» Assignment: Restate, exactly and without pictures, the lines from the start of the listing below through the line holding "Opel Antara 2014 — photo 17".

» Provided data:

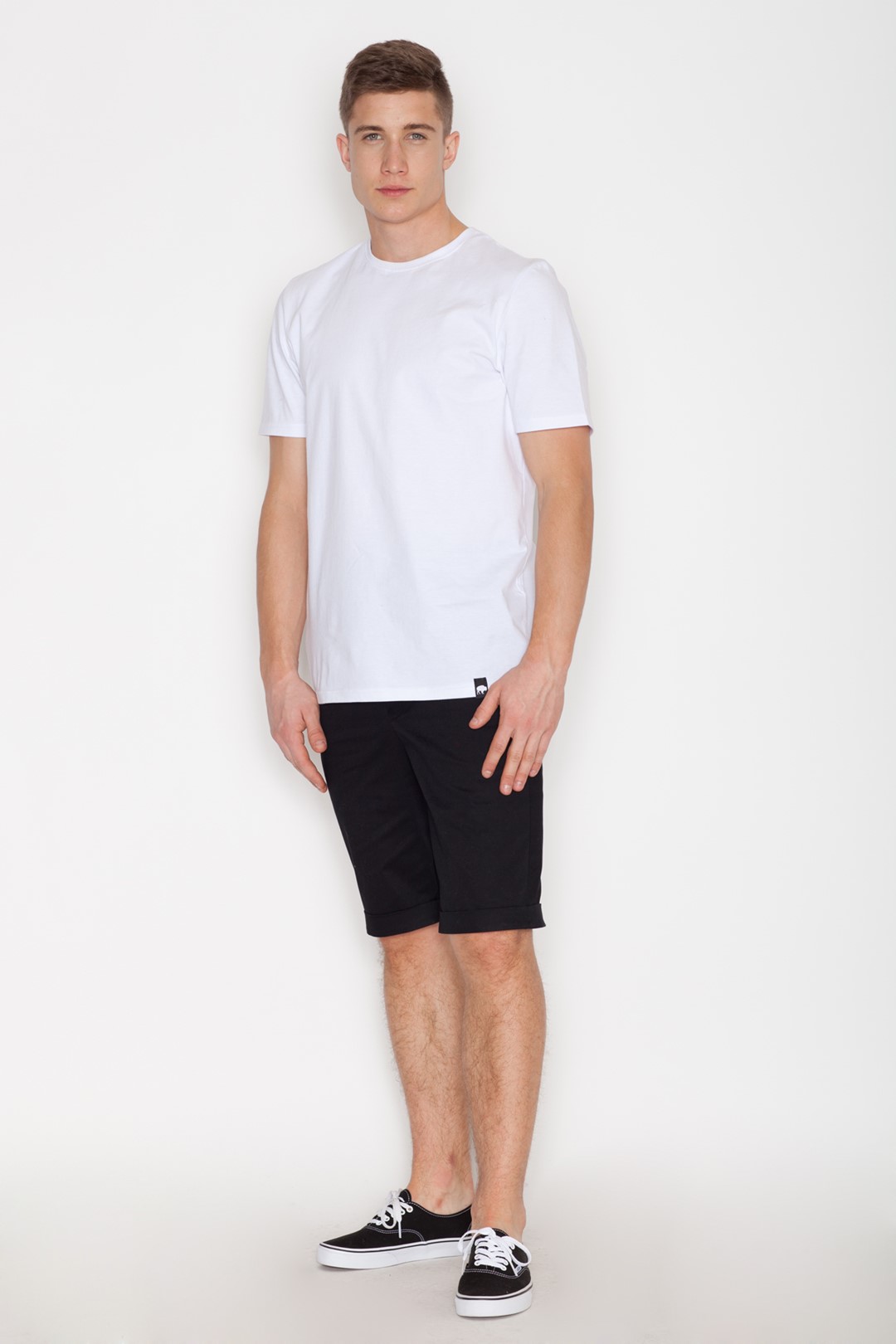 V022 Shorts Black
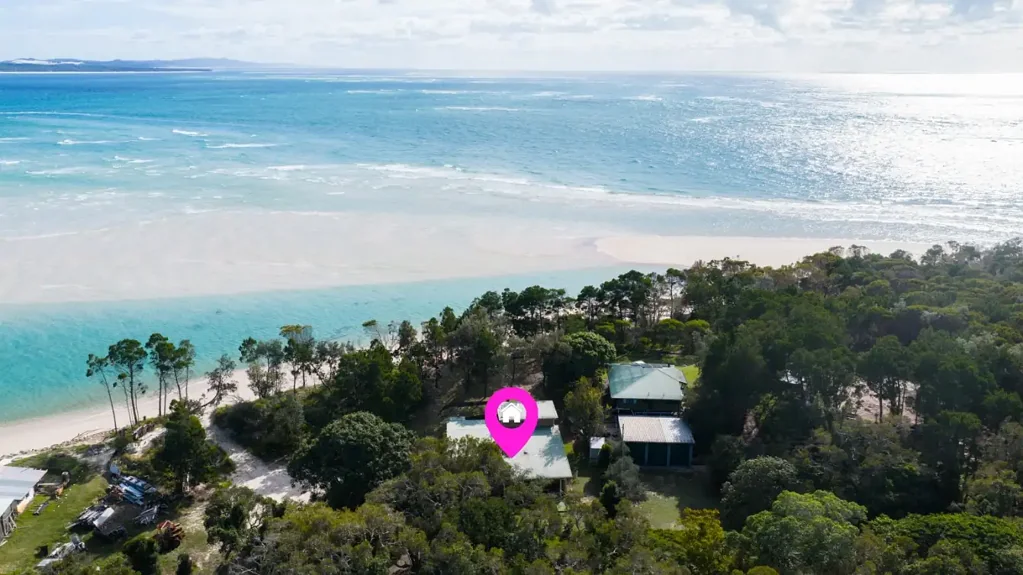 Amity 3ਬੈੱਡਰੂਮ ABSOLUTE Beachfront Straddie Original with Private Beach Access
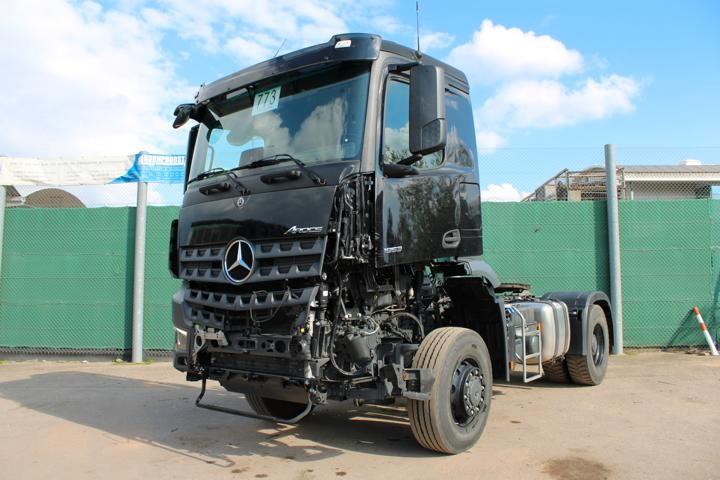 Mercedes-Benz 1853 4x4 BB ALLRAD UNFALL Nr.: 773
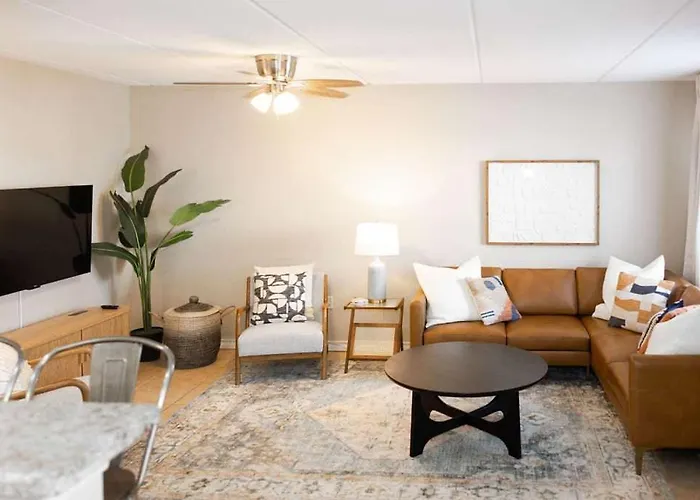 2 Bed 2 Bath 1St Floor Condo W Pool By Beach
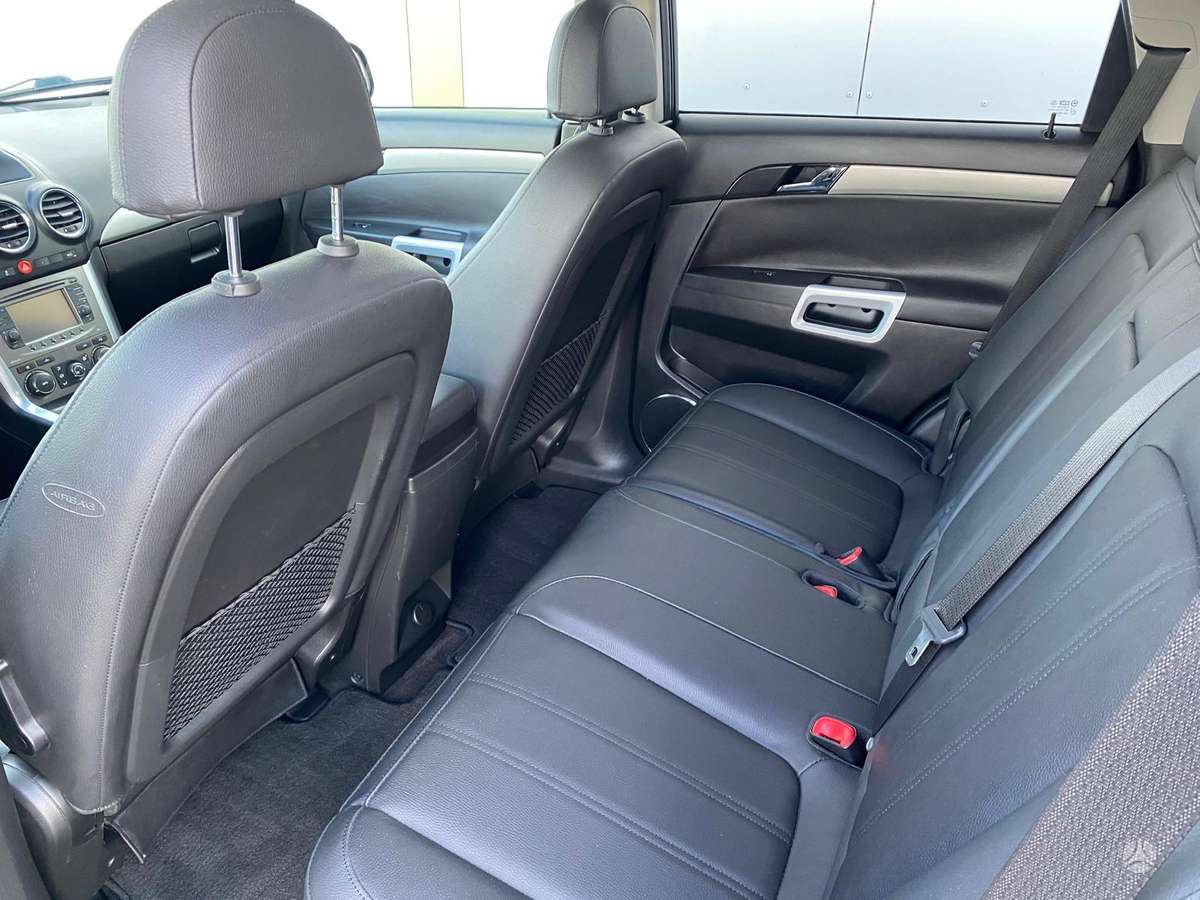 Opel Antara 2014 — photo 17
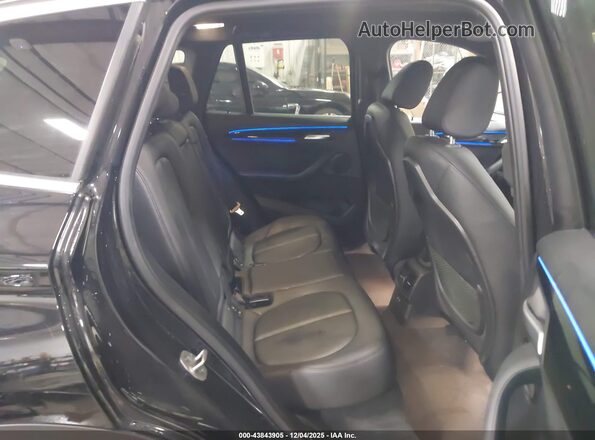 WBXJG7C09L5R43664 2020 BMW X1 Black Вид наклейки з VIN-кодом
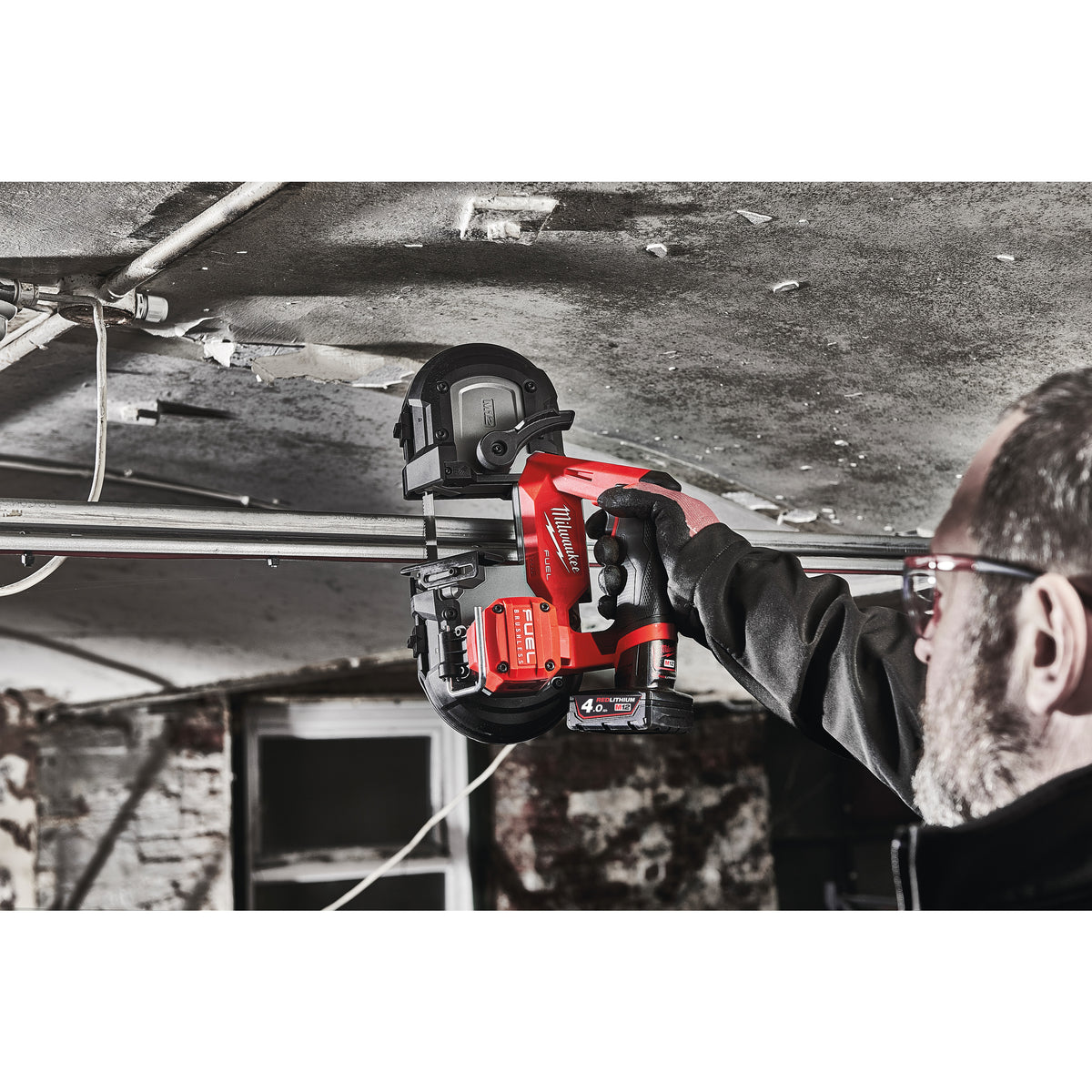 Milwaukee Sierra de banda subcompacta M12 FUEL™, capacidad de corte 64mm M12FBS64-402C — imagen 2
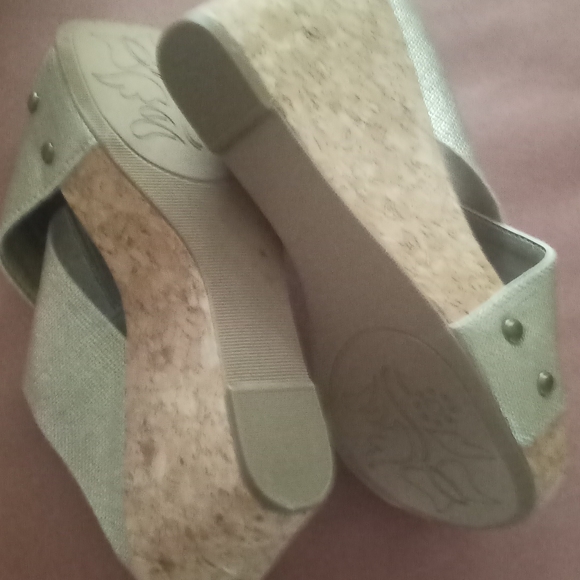 White Mountain Banner Sandals - Picture 3 of 6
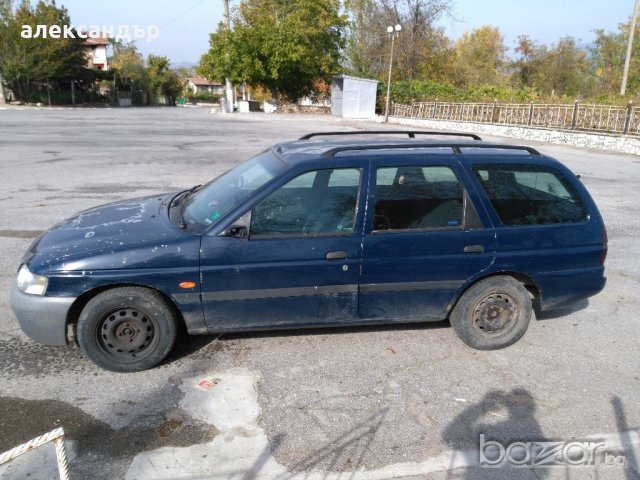 ФОРД ЕСКОРТ 1,6 90К ИЖЕКЦИОН-НА ЧАСТИ, снимка 6 - Автомобили и джипове - 20823272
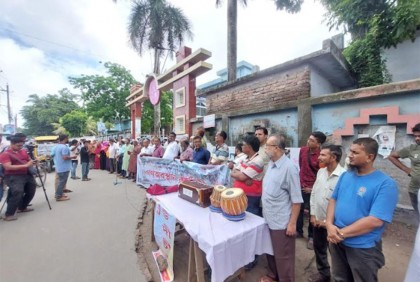 সাতক্ষীরা পৌরসভার বর্ধিত পানির বিল পরিশোধ না করার ঘোষণা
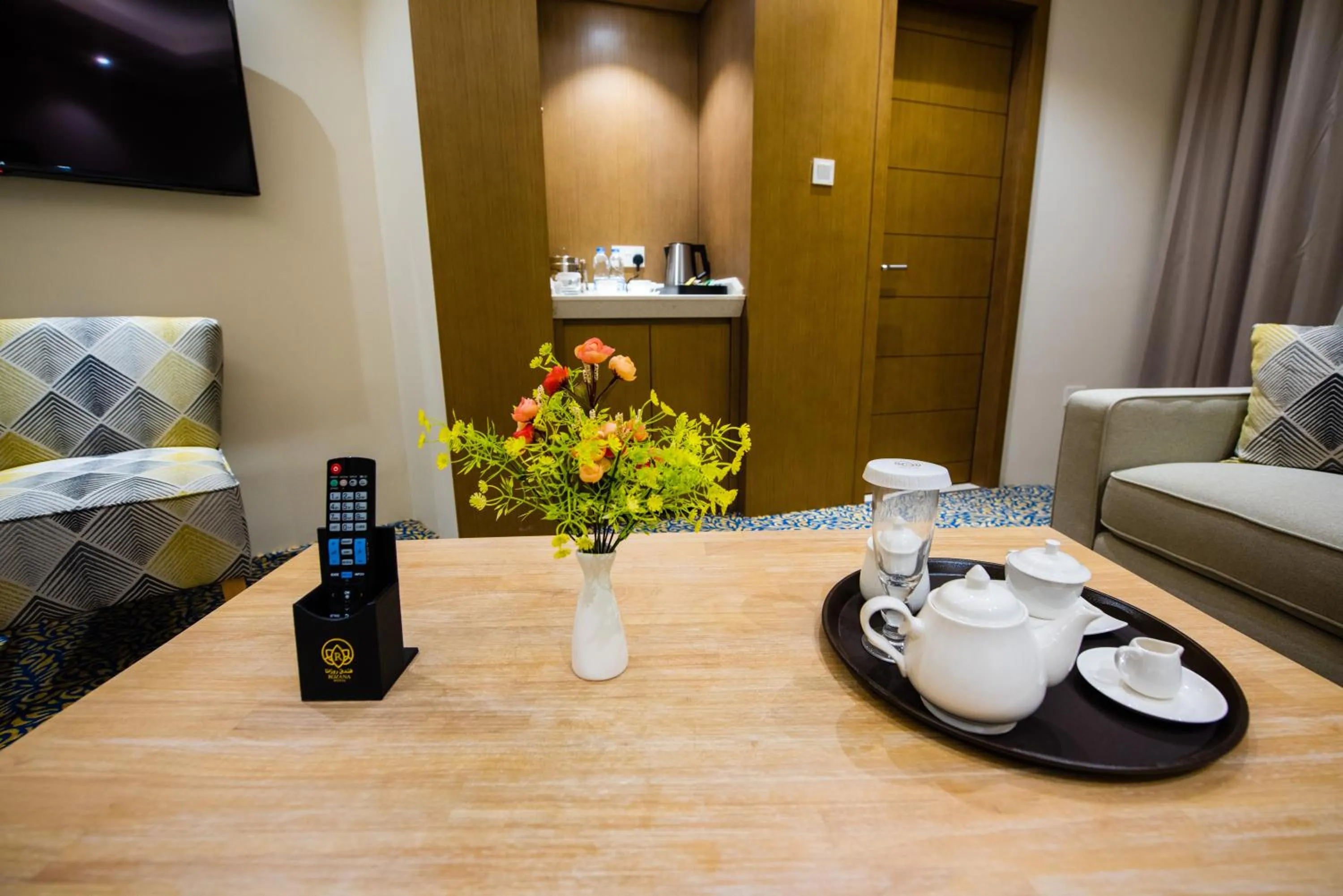 Coffee/tea facilities in ROZANA HOTEL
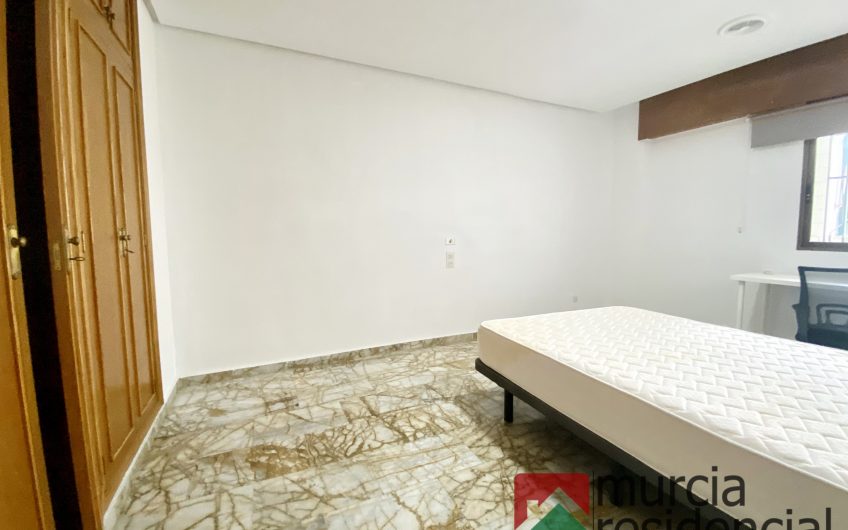 Piso en alquiler junto a la catedral de Murcia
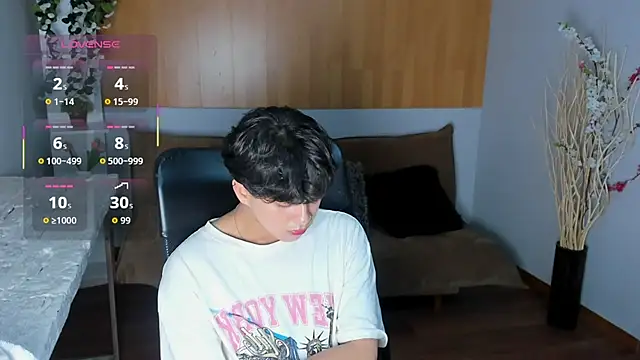 Danny_George Show in webcam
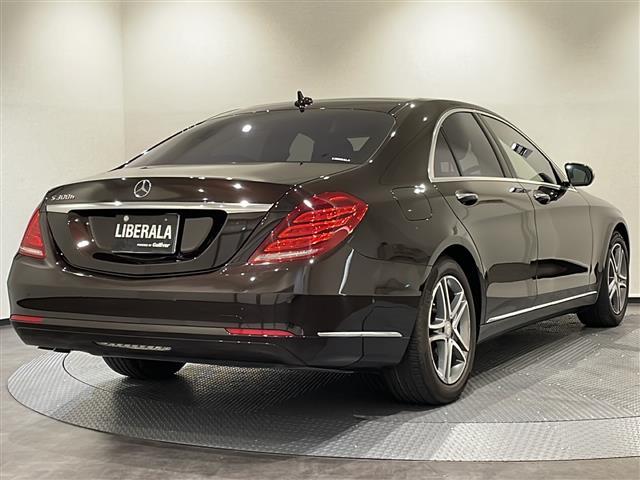 Ｓクラス Ｓ３００ｈ　ラグジュアリーパッケージ　パノラミックスライディングルーフ　エクステンデッドウッドインテリアトリム　プライバシーガラス・３６０°カメラシステム　シートヒーター（35枚目）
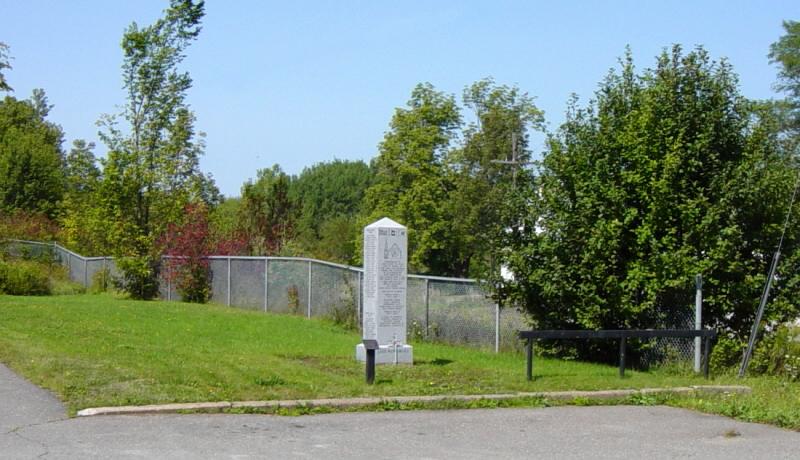 War memorial monument, Ellershouse: general view looking west
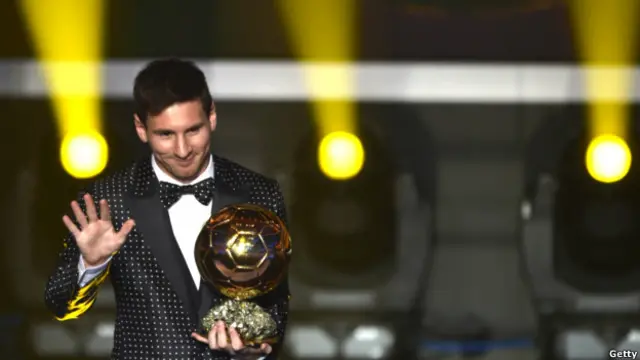 میسي درې ځله د فوټبال ډګر ستره جایزه ګولډن ګلوب هم ګټلې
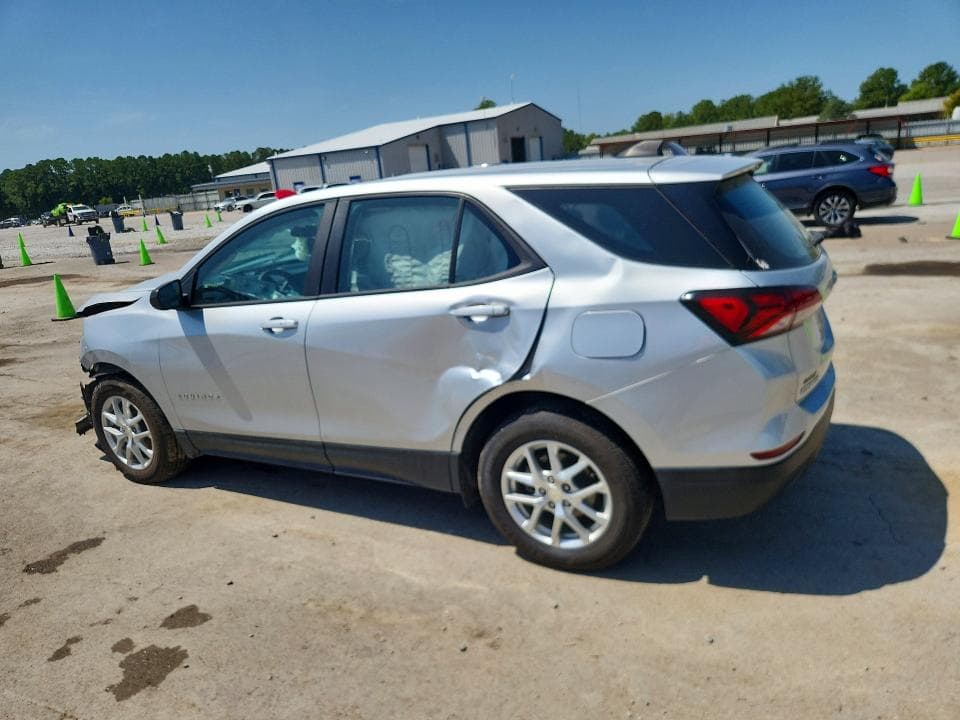 2022 CHEVROLET EQUINOX LS 2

» Task result:
 V022 Shorts Black
 Amity 3ਬੈੱਡਰੂਮ ABSOLUTE Beachfront Straddie Original with Private Beach Access
 Mercedes-Benz 1853 4x4 BB ALLRAD UNFALL Nr.: 773
 2 Bed 2 Bath 1St Floor Condo W Pool By Beach
 Opel Antara 2014 — photo 17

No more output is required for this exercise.